**TASK GOAL**
Please print every record below exactly as it appears, but leave out the pictures.
--------
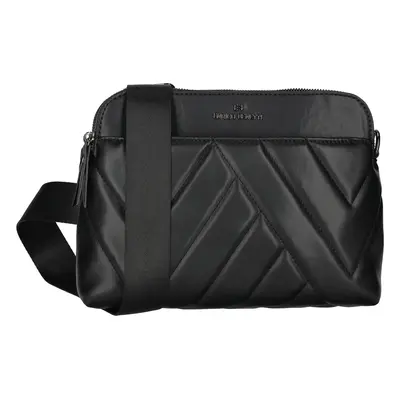 Dámská crossbody kabelka Enrico Benetti Evie - černá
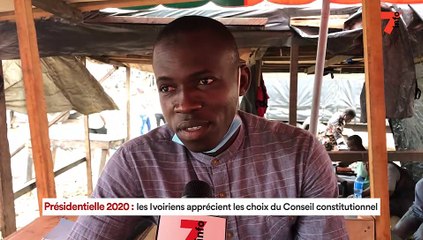 Download Video: Présidentielle 2020 | Les Ivoiriens apprécient les choix du Conseil constitutionnel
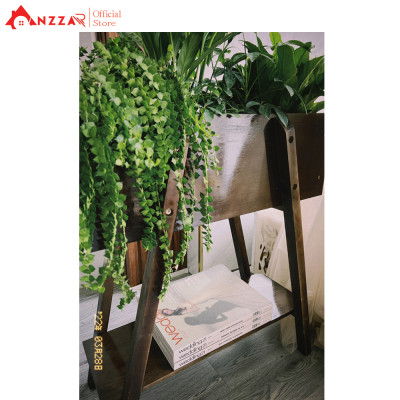 Chậu gỗ trồng cây, hoa, kệ trồng cây ban công-02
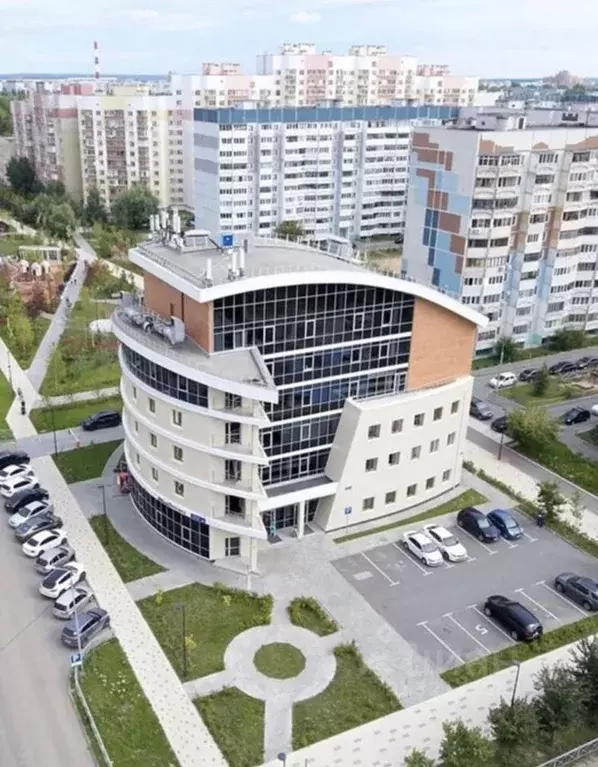 Офис в Татарстан, Казань ул. Абсалямова, 36 (52 м) - Фото 0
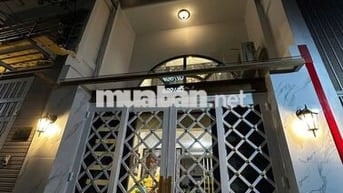 Nhà 4 Tầng Nguyễn Đình Chiểu Q3 – 30m², 3PN, Hẻm Xe Hơi, 7.99 Tỷ TL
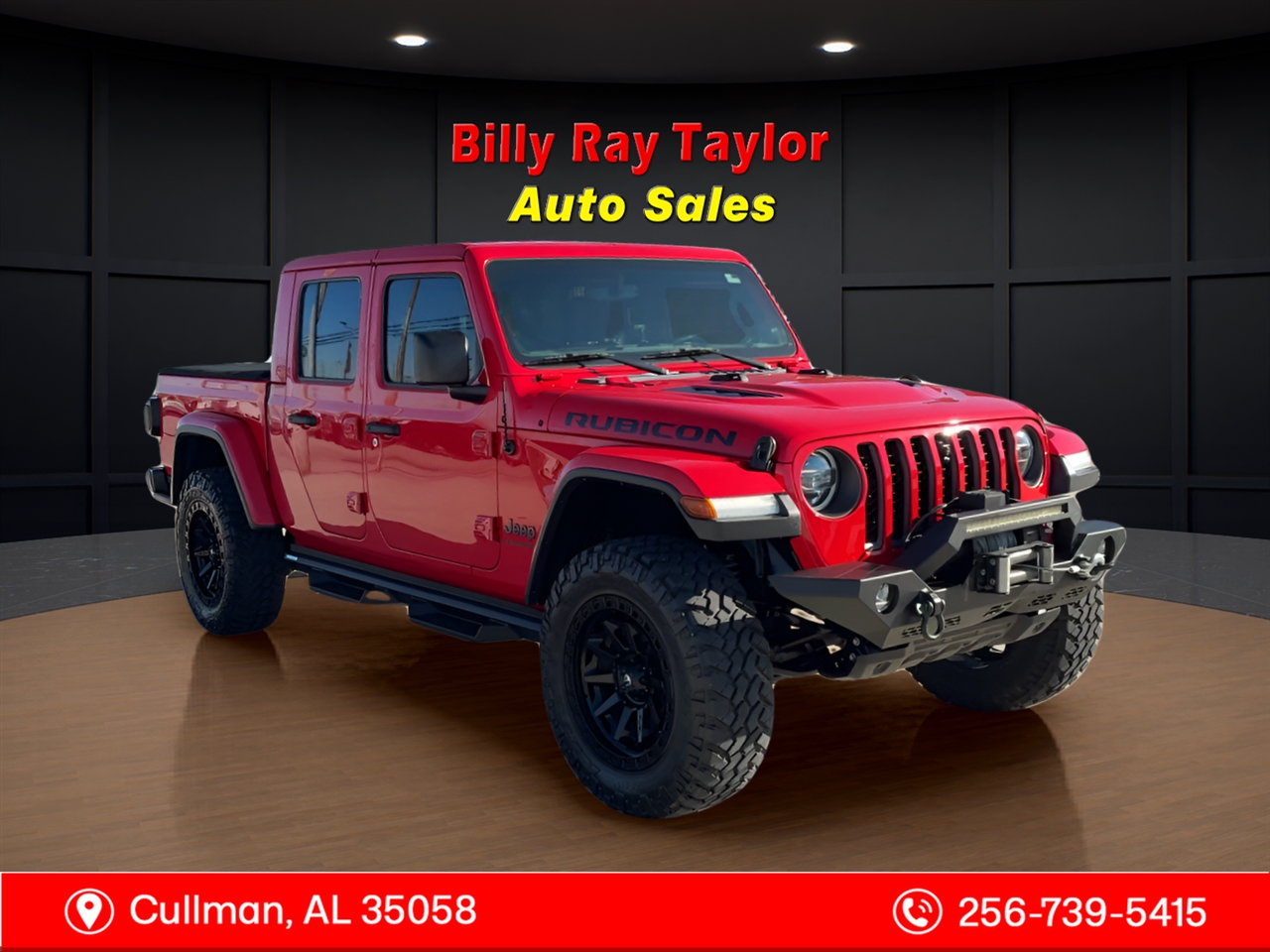 Jeep Gladiator  2020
--------
**RESPONSE**
 Dámská crossbody kabelka Enrico Benetti Evie - černá
 Download Video: Présidentielle 2020 | Les Ivoiriens apprécient les choix du Conseil constitutionnel
 Chậu gỗ trồng cây, hoa, kệ trồng cây ban công-02
 Офис в Татарстан, Казань ул. Абсалямова, 36 (52 м) - Фото 0
 Nhà 4 Tầng Nguyễn Đình Chiểu Q3 – 30m², 3PN, Hẻm Xe Hơi, 7.99 Tỷ TL
 Jeep Gladiator  2020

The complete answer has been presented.